Tags: Abdulmutallab, airlines, obama, privacy, rights, safety, security, terrorism
In the wake of the attempted Christmas Day terrorist attack thousands of articles have swamped the internet, groping for somewhere to place the blame. The problem with blame is that it falsely pacifies us and leads us to believe that a complex situation has an easy remedy. And while the TSA, the Dutch government, and fearful citizens all have their suggested remedies, we must not forget the lessons we learned after 9-11 and the swift instating of the Patriot Act, which later made us ask if we had not surrendered some freedoms (namely, privacy) hastily, because of fear. We are now in danger of compromising our freedoms once again.
NPR.org has posted an article discussing the innovative methods of airport security that are in discussion and development. Probably the most controversial one is body-image scanning technology. A number of months ago I saw this technology discussed on a morning news program. The new body-imaging software shows a detailed image of the person’s body, including the parts that would make your grandmother blush. The program then interviewed a wide range of Americans who had widely differing opinions on whether such a technology was necessary or unconstitutionally invasive. At the time of the airing of the program, the technology seemed superfluous, but now, after this last thwarted terrorist attempt, the Dutch have decided to adopt the technology. But will this really help?
Airlines already use the “puffer” machine that purports to detect odd chemical particles, but with limited results. Other such proposed controversial security methods include profiling and detailed verbal interviews as practiced in Israel, which is renowned for their airport security.
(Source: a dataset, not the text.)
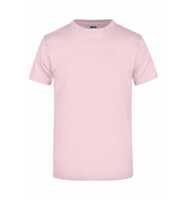 James & Nicholson Damen/Herren Komfort T-Shirt JN002 Gr. XL rose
Probably the most innovative and least invasive security measure is what NPR describes as a method used and perfected in retail – looking for suspicious behavior, namely things like “increased sweating or heavy breathing.” While this sounds promising, it would seem hard to find accuracy in an environment where many people are already nervous about flying, and likely to show increased signs of anxiety as it is.
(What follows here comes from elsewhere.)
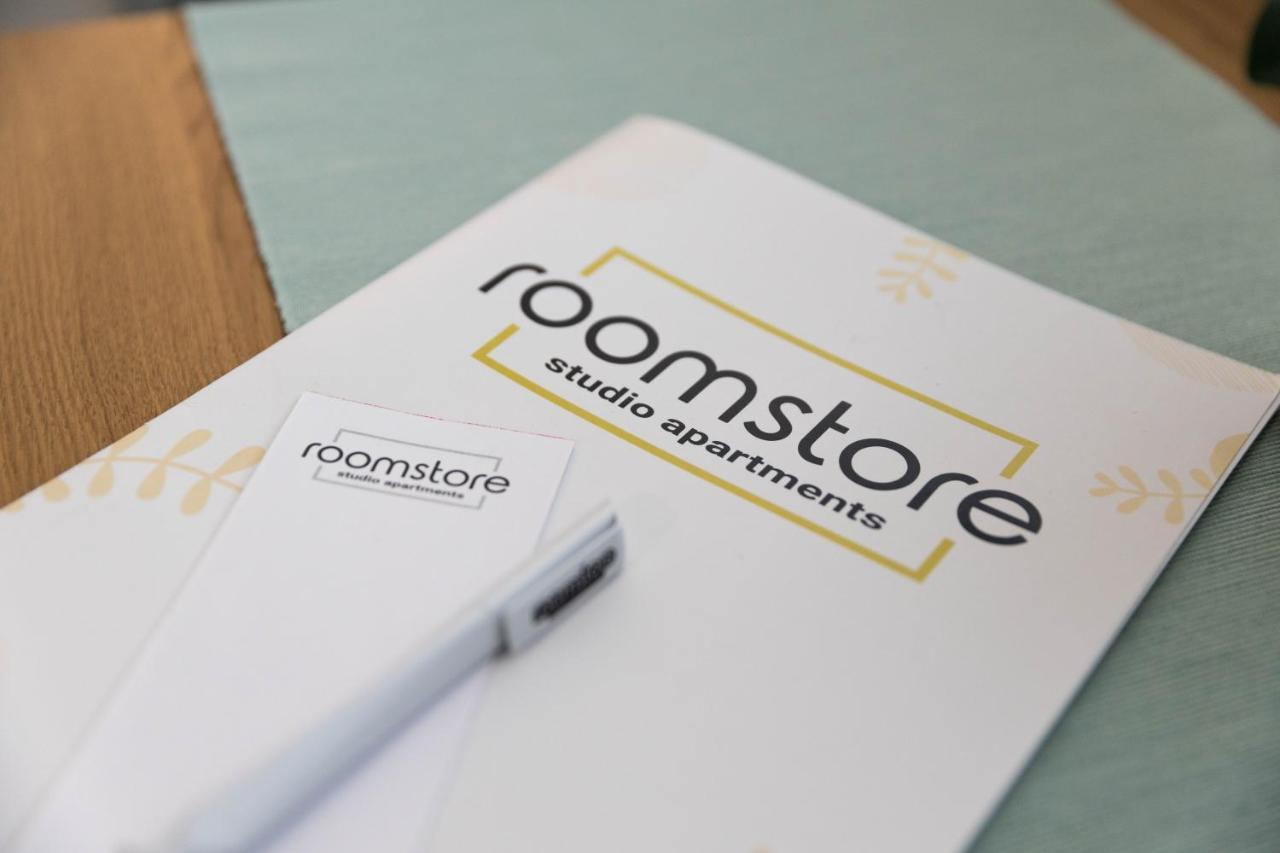 Roomstore Studio Apartments Eger Exteriör bild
So what is the solution? Do we surrender our privacy, our right to normalcy (some proposed safety measures include restricting use of the bathroom on flights), in the name of safety? Or do we acknowledge that these drastic safety measures do little to actually protect us?
NPR.org, in another article, questions just that by examining the “under-reaction” to news of the attempted terror plot, asking “Have Americans, in a post-Sept. 11 world, become a bit blase about terrorism in the sky?” While the article takes neither side, explaining in a purely psychological manner why some people shrugged at the news (namely because the failing of the plot lowered the “dread quality” that causes people to overreact), it does point out the inefficacy (or superfluity) of all security measures by quoting risk communication consultant, David Ropeik, who states that, “We have also adjusted emotionally after Sept. 11 to the risk of airplane terrorism — even though, statistically, the risk of flying was the same before the attacks as after the attacks.” What do these articles prove? They prove that airport security should not be the focus of our energies. They prove, in light of the new information that “Abdulmutallab was added to a massive database of potential terrorists after his father warned U.S. diplomats about his son’s extremism” (NPR.org), that America’s intelligence agencies are the real ones to blame in their lack of communication and cohesion. I have to agree with Obama on this one and call it a “systemic failure”.
What do you think is the best solution to the struggle between privacy and safety?